### TO DO
Please reproduce all the data exactly as written and omit the pictures.

### SUPPLIED INFORMATION
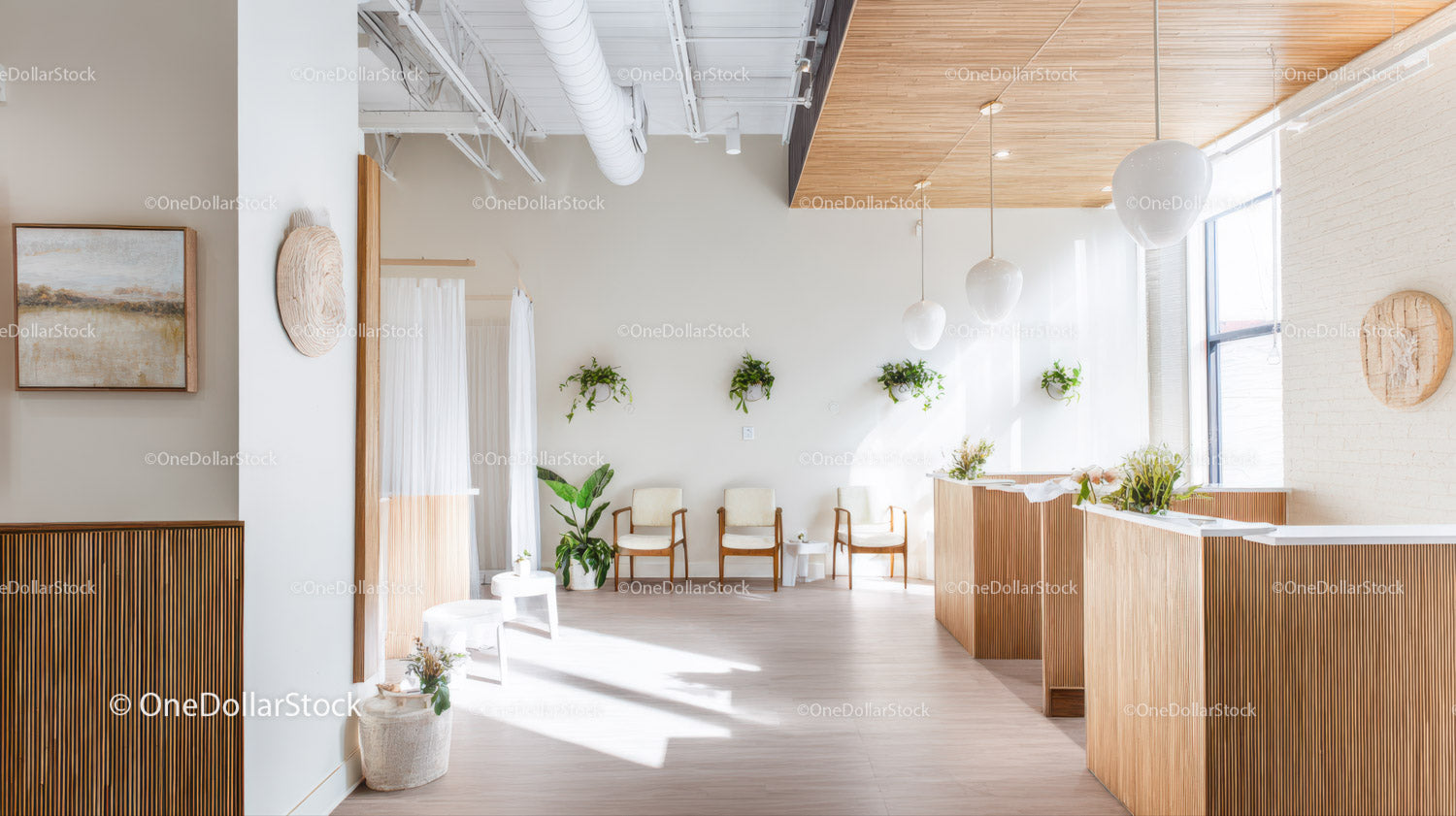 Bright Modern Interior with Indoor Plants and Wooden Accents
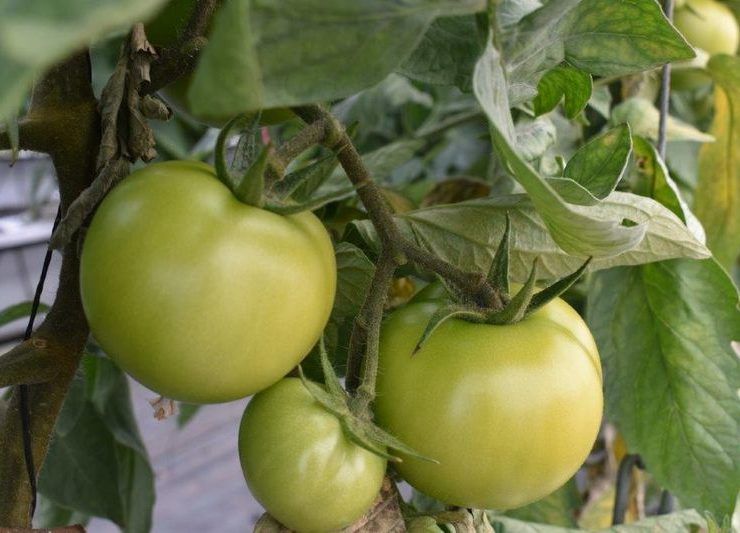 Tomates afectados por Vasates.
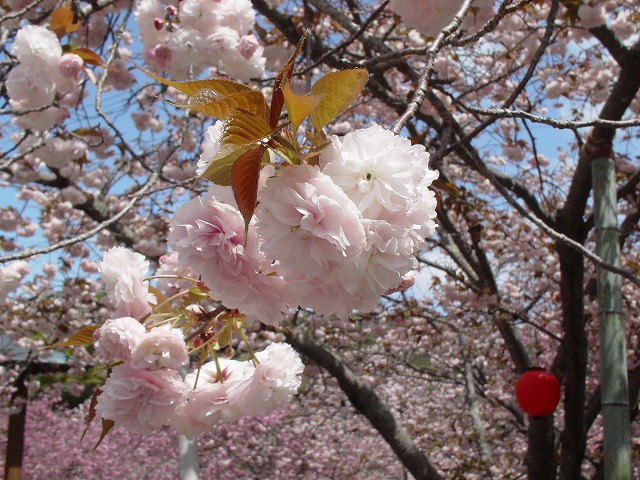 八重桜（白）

### EXERCISE RESPONSE
 Bright Modern Interior with Indoor Plants and Wooden Accents
 Tomates afectados por Vasates.
 八重桜（白）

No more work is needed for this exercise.